Gempa yang berkekuatan 8,5 skala ricter itu tidak hanya
membuat panik seisi kota ,
akantetapi juga telah membuat ruas – ruas jalan berdesakan serabutan, tak lagi
mehairaukan rambu – rambu jalan, deraian butiran air mata pun mehiasi wajah
sedih warga.
Menurut catatan BMKG, pulau simeulue titik pusat terjadinya gempa
itu berada, wilayah barat aceh sumatra, jarigan Hp ikut terputus seketika,
membuat warga makin resah tak terkira, saat sedang mehubungi keluarga.
Suara kegaduhan terdegar dari dalam mejid, tak henti, degum
orang membaca al qur an bersahutan, bak sedang ada perlombaan tarik suara, ratusan
warga, baik lelaki, wanita, tua, muda, mulut mereka terus menyerukan tasbih
menyebut tuhan yang Esa.
Hati menciut ketakutan, mereka lari menyelamatakan diri dari
ancaman tsunami, “ Kamo temakeot di meusu sereune tsunaminyan, kamo pike ka di
eik ie lom, makajih kamo plung keno, pesahodro bak mesjid raya ” ( kami takut
ada suara alaram tsunami, kami pikir air naik lagi, makanya kami lari kesini
merapatkan diri ke mesjit raya ) jelas Eva Nadya yang baru saja lari dari
surin.
Riak kecil air kolam yang berada di depan mesjid awal dari
gempa susulan, panik kembali melintang, seakan maut sedang mengintai merengut
siapa saja yang ada di sana, beberapa pohon hasan menjadi pegangan bagi mereka.

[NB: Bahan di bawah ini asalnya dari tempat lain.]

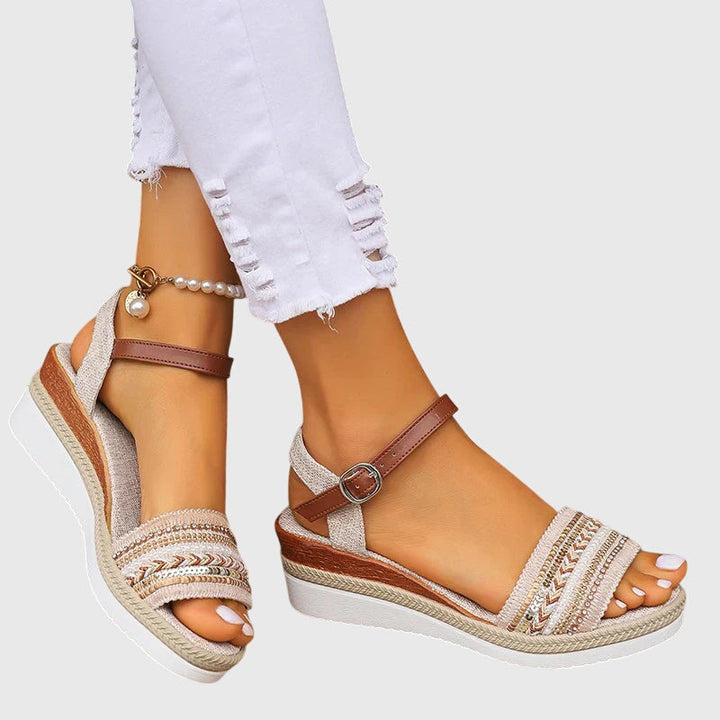 Eleganti sandali donna con zeppa intrecciata e laccetto caviglia regolabile. Calzature estive comode e casual.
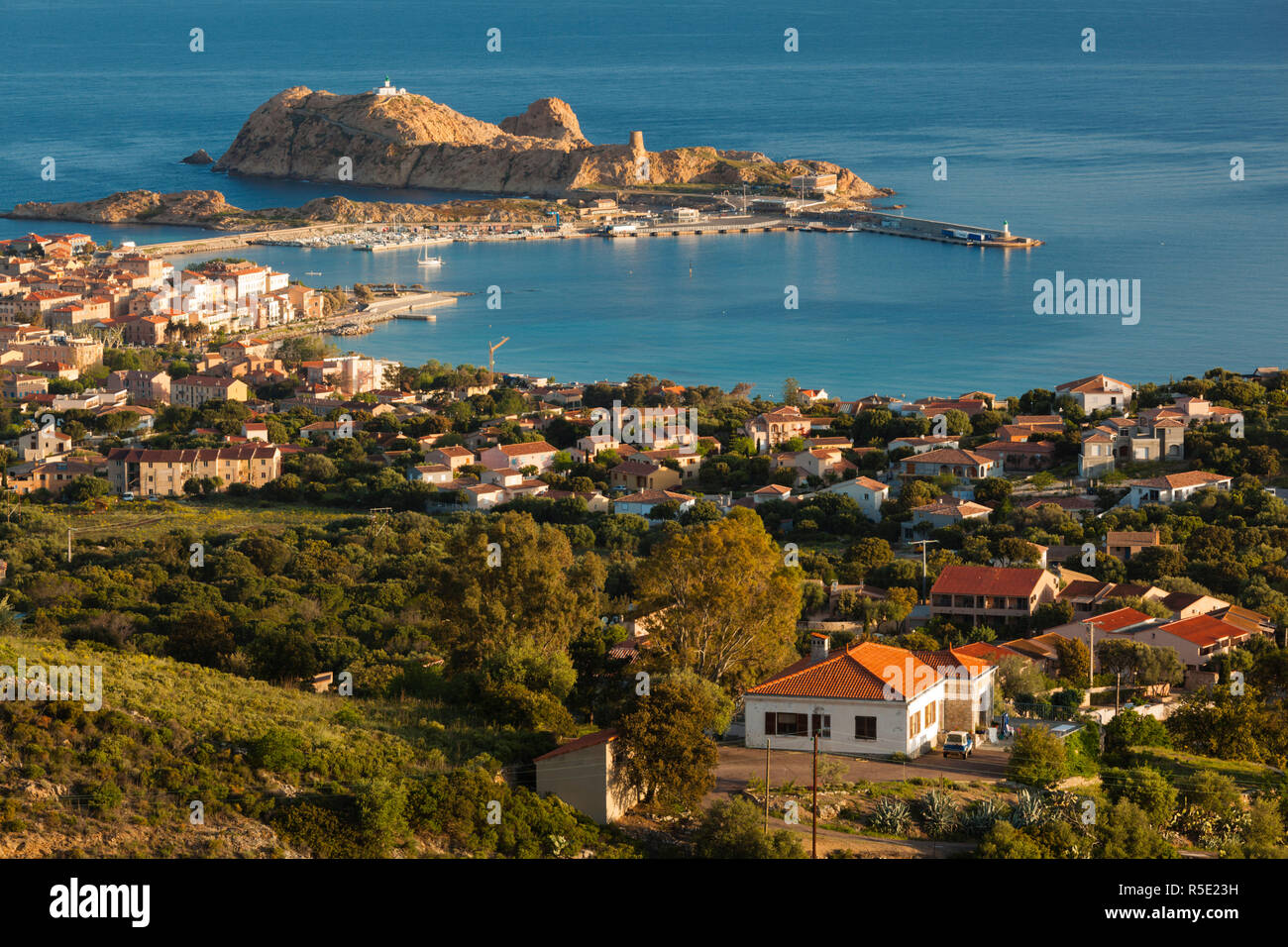 France, Corse, Haute-Corse Ministère, La Balagne, Ile Rousse, vue sur la ville avec l'Ile de la Pietra, Dawn Banque D'Images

Teriak tsunami kembali terdengar dari kejauhan, kocar kacir
warga membuat skurity mesjid lansung mengambil sikap nya, “ Tidak ada tsunami,
kita baru saja di komfirmasi dari pemantau pantai ule lee, tidak ada tanda –
tanda akan terjadi tsunami, jadi kami minta pada warga jangan panik” sambil
merapatkan toa di mulutnya.
Jengkel dengan ulah orang – orang yang tidak bertanggung
jawab “ so yang pegah tsunami nepoh ju keudeh ” siapa yang teriak mengatakan
tsunami pukul saja, sambung nya dengan logat aceh rayek, kilat camera para
wartawan terus mehujati orang – orang yang ada di sana, dari berbagai media mengabadikan
sesen demi sesen kejadian haru dan menegangkan itu.